3. Measures aimed at improving regional blood flow, interrupting the flow of pathological impulses from the inflammatory focus and creating "functional rest" of the intestine:

1) repeated one-time perirenal blockades; prolonged pararenal blockade;

2) repeated introduction into the abdominal cavity of a 0,25% solution of novocaine;

3) intramuscular and intravenous administration of gangliolytics;

4) prolonged epidural blockade;

5) hyperbaric oxygenation.

In the treatment of late-stage paresis, continuous transnasal intubation of the stomach is indispensable as long as the stagnant nature of the contents persists.

Recovery impaired bowel function, regional vegetative blockades (perinephric, epidural) are of paramount importance. The antiparetic effect of epidural blockade is most pronounced with its prophylactic use.
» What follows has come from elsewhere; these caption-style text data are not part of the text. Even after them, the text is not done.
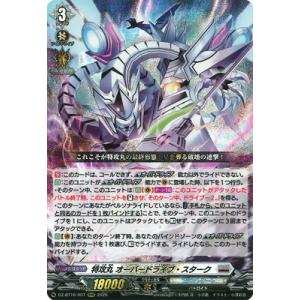 カードファイト!! ヴァンガード DZ-BT16...の商品画像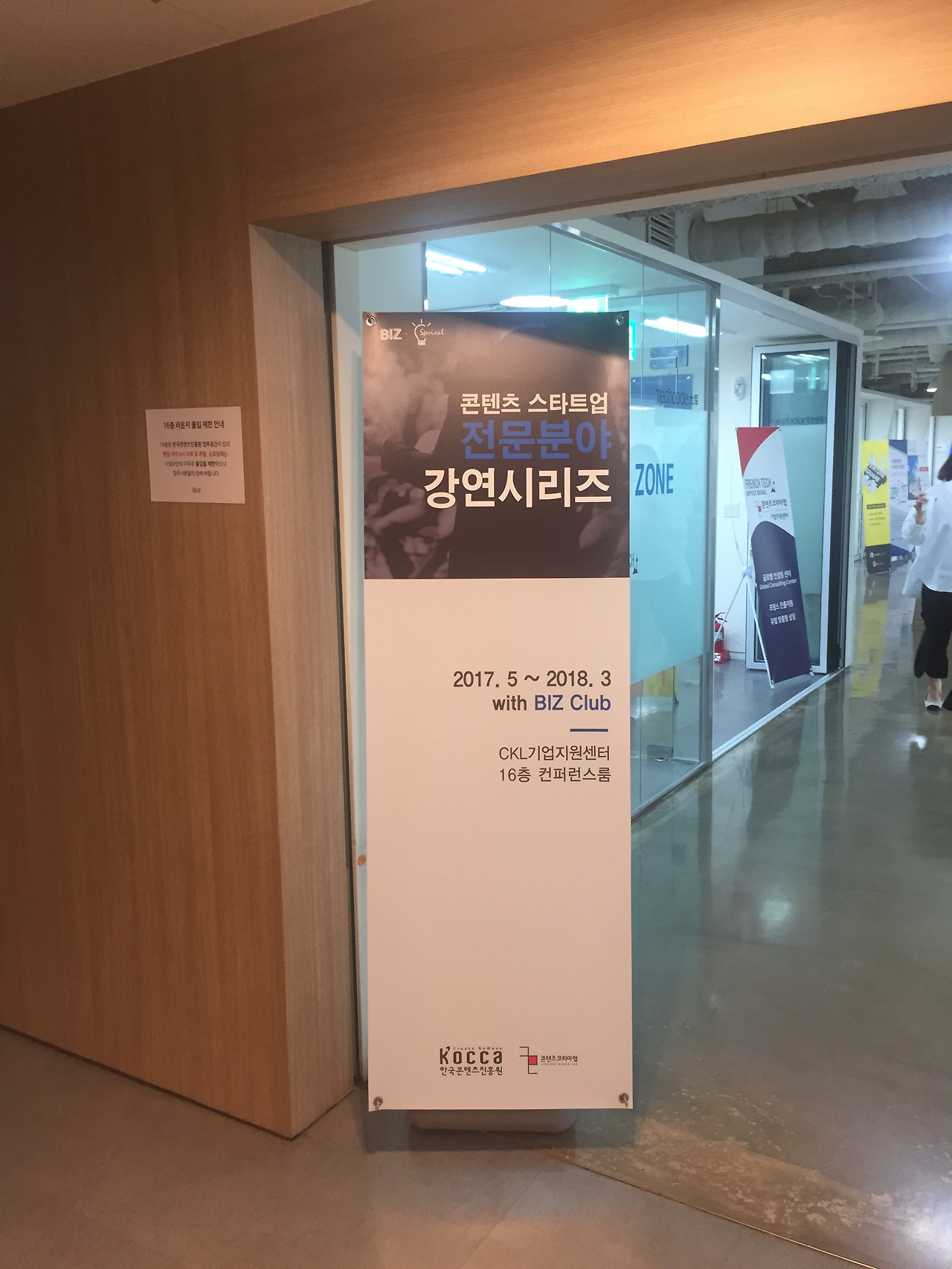 2018-03-29 15.15.18.jpg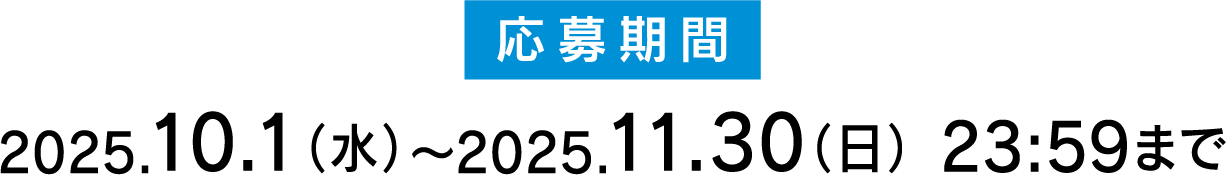 応募期間 2025.10.1(水)～2025.11.30(日) 23:59まで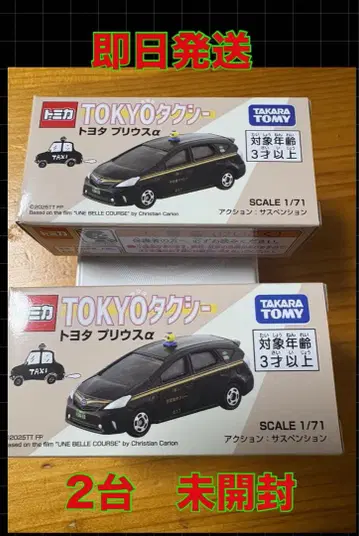 타카라토미 도요타 프리우스 2대 세트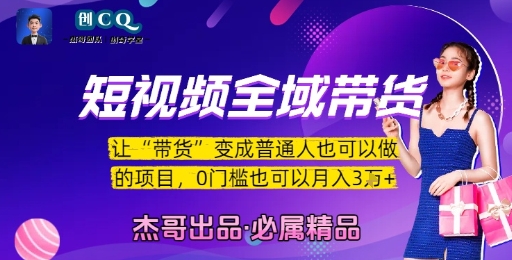 短视频全域带货，让带货变成普通人也可以做的项目，0门槛也可以月入3W资源站资源站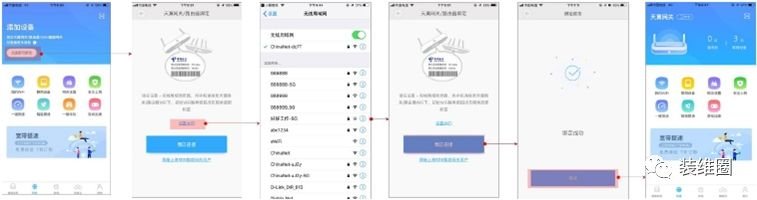 小翼管家网关/路由器绑定指导及报错处理方法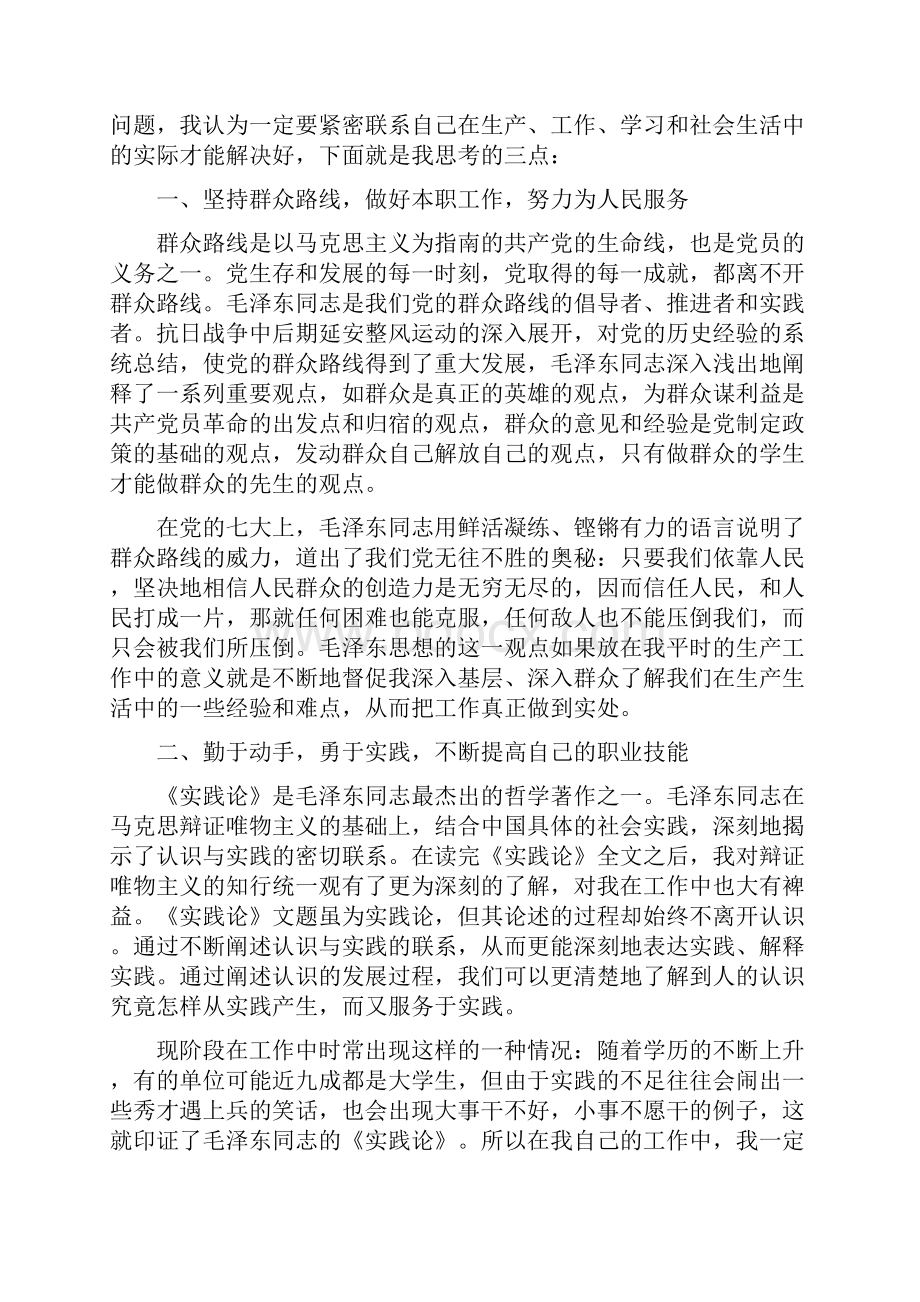 党课学习个人工作总结范文.docx_第2页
When using prolonged epidural anesthesia in children operated on for peritonitis, the effects of intestinal paresis of stage II-III stop in the vast majority of cases no later than 2 - the beginning of 3 days.

Prolonged epidural blockade leads to the restoration of the motor-evacuation function of the intestine in the first days after surgery and thus largely prevents the increase in intoxication.

The maximum blockade of sympathetic innervation to the greatest extent contributes to the activation of parasympathetic activity, leading to an increase in intestinal motility.

Authors: Drozdov A.A., Drozdova M.V.